En 2008, dans une ville hérissée de grues et pleine d’acheteurs étrangers, cette scène est devenue impossible à ignorer. González a quitté le côté qui est payé pour construire et pour vendre, et a bâti la firme autour de la seule règle qu’il aurait voulu mettre entre les mains de ces propriétaires dès le premier jour : un représentant payé par le propriétaire et par personne d’autre, sans commission des entreprises, des fournisseurs ni des agents. L’idée n’était pas nouvelle — les marchés matures la tiennent pour acquise — mais presque personne ne la proposait au propriétaire étranger au Panama, et rarement à des conditions qui ne pouvaient pas se plier en silence.
La règle est simple à énoncer et difficile à tenir. La tenir, c’est refuser, encore et encore, l’argent qui vient de l’autre côté de la table : la commission du fournisseur, la marge sur les matériaux, la faveur du promoteur. Le jour où une seule part des honoraires vient de là, l’indépendance disparaît, aussi convaincant que soit le discours. C’est pourquoi PMPanama est restée délibérément de la taille qu’exige cette discipline : assez proche de chaque projet pour en répondre, assez indépendante pour ne rien devoir à personne d’autre que le propriétaire.
La firme accompagne les propriétaires en français, en espagnol, en anglais et en allemand — les langues dans lesquelles ils lisent un contrat avec le plus de précision.
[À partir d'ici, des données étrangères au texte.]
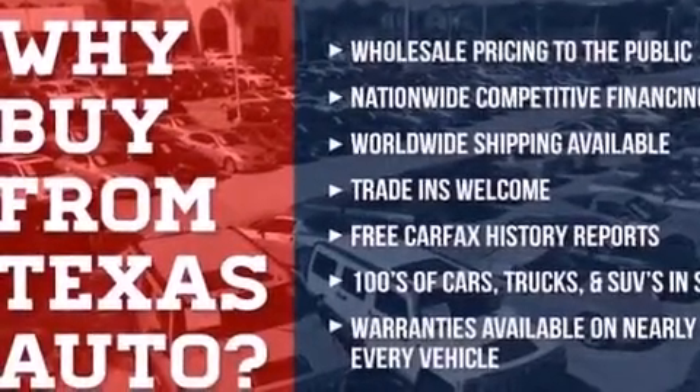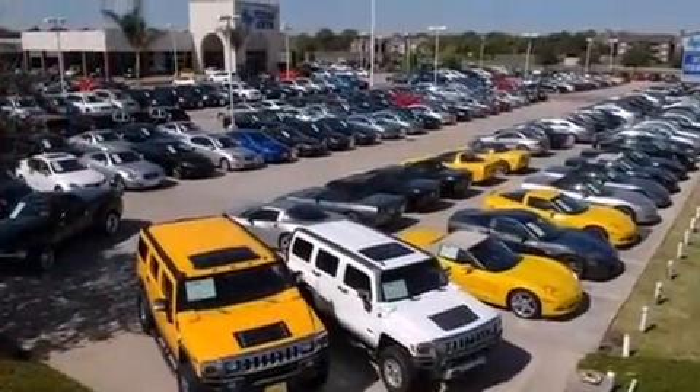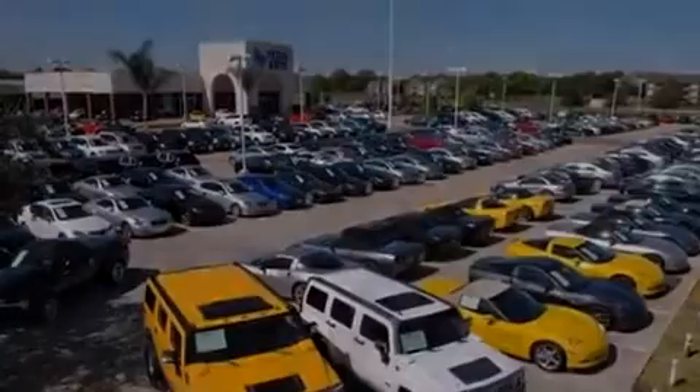Air conditioning with automatic climate control, an auto-dimming rearview mirror, a HomeLink feature, a rear window defroster, and an anti-theft protection system.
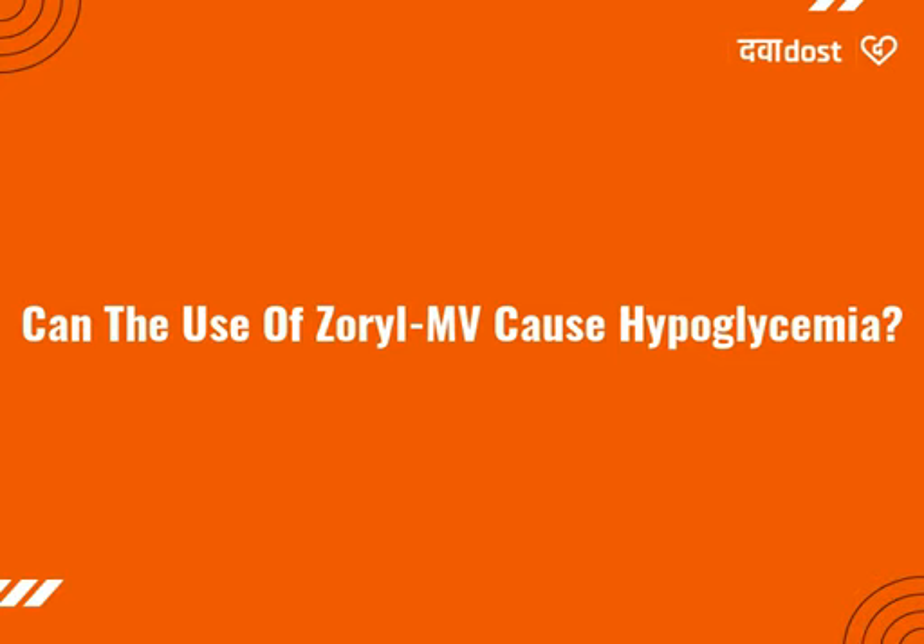So, regular monitoring of blood sugar level is important. Always keep glucose tablets, honey, or fruit juice with you.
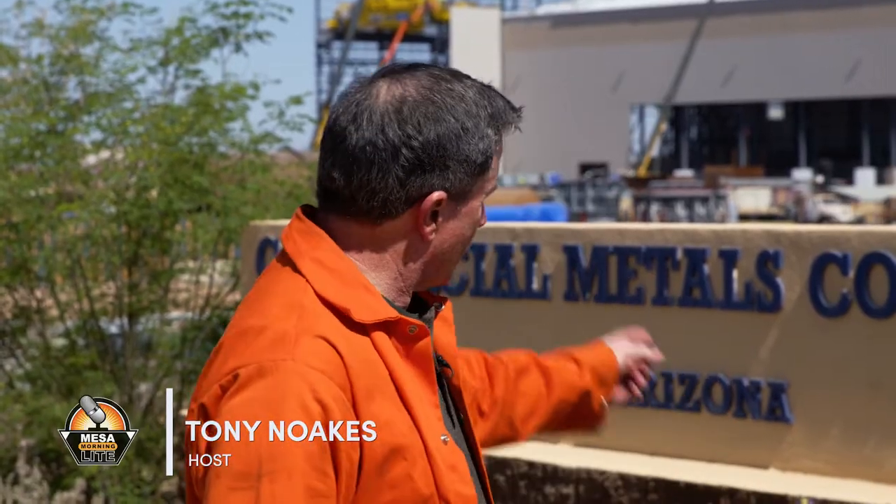Welcome to Mesa Morning Light, a program of the Mesa Chamber of Commerce. I'm Tony Noakes, and with me today is Andy Surratt, an Operations Manager for CMC Steel here in Mesa, Arizona. We are going to be touring the latest, greatest expansion project here at the CMC Mill, and Andy's going to give us a little tease about what's in store.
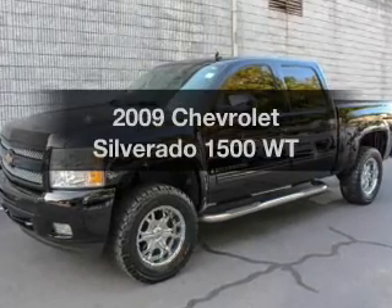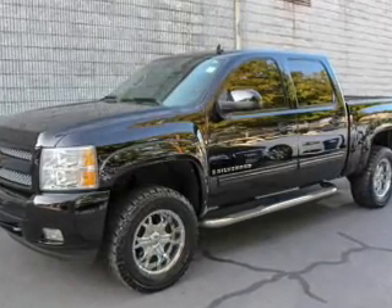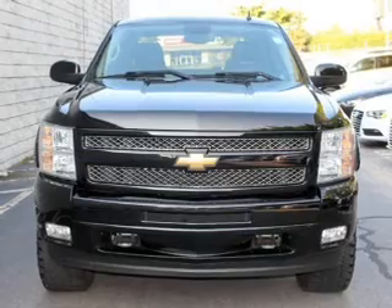Get noticed in this 2009 Chevrolet Silverado 1500. This is the set of wheels you've been looking for.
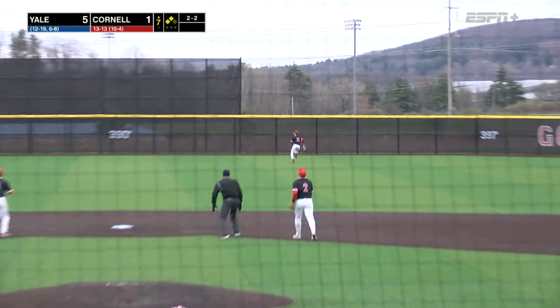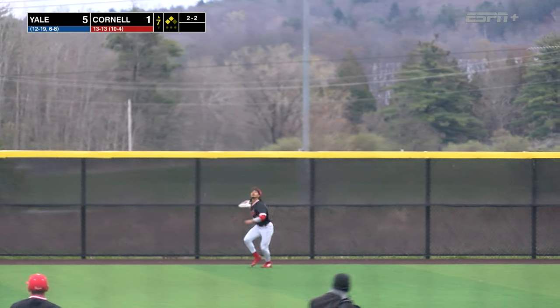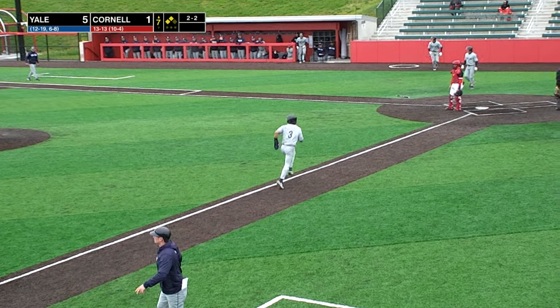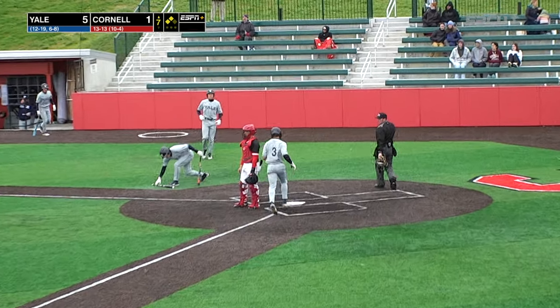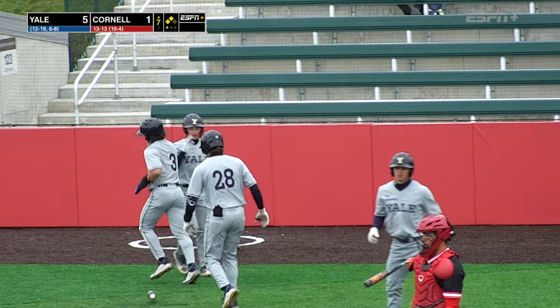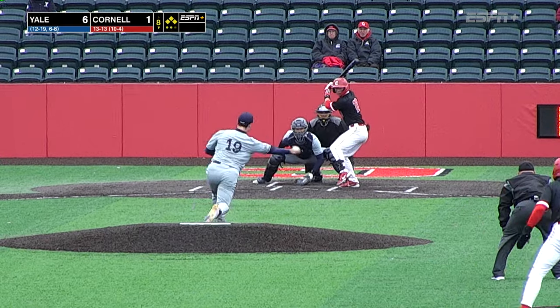Swung on, and fly ball, deep center field, Davis back, running under at the track, and at the wall to make the catch. But that'll be a sacrifice fly for Jake Williams — his third RBI this afternoon, surpassing the previous best of four.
La conviction qui sous-tend tout cela est simple à énoncer et plus difficile à tenir en pratique : le propriétaire ne devrait jamais être la seule personne à la table sans quelqu’un payé pour lire le dossier de son côté. PMPanama est la tentative de mettre cette personne à la portée des propriétaires étrangers au Panama, à des conditions qui ne peuvent pas se plier en silence vers qui que ce soit d’autre.
Sept régions, avec une connaissance du terrain dans chacune
Notre couverture se concentre là où nous entretenons les relations avec les entreprises et les contacts municipaux nécessaires pour travailler avec confiance : Panama City et Costa del Este ; le couloir balnéaire de Coronado sur la côte pacifique ; Boquete et les hauteurs de Chiriquí ; Pedasí sur la péninsule d’Azuero ; ainsi que Bocas del Toro, Santa Catalina et Boca Chica. Les Français se concentrent surtout à Panama City, Coronado et Boquete. Pour un projet ailleurs au Panama, nous le disons franchement avant d’accepter, plutôt que de nous disperser dans une région que nous ne connaissons pas.